As big software packages become a commonplace in geodynamics, which skills should a geodynamicist aim at having in software development? Which techniques should be considered a minimum standard for our software? This week Rene Gassmöller, project scientist at UC Davis, Computational Infrastructure for Geodynamics, shares his insights on the best practices to make scientific software better, and how we can work to translate these into our field. Enjoy the read!

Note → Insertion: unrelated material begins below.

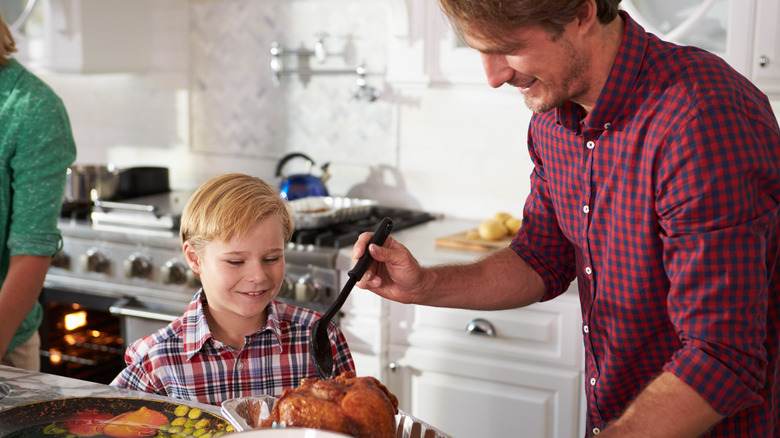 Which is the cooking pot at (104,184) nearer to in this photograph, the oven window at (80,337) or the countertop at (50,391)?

Nowadays we often equate geodynamics with computational geodynamics. While there are still interesting analytical studies to be made, and important data to be gathered, it is increasingly common that PhD students in geodynamics are expected to work exclusively on data interpretation, computational models, and in particular the accompanying development of geodynamic software packages. But as it turns out, letting an unprepared PhD student (or unprepared postdoc or faculty member for that matter) work on a big software package is a near guarantee for the project to develop into a sizeable bowl of spaghetti code (see figure above for a representative illustration).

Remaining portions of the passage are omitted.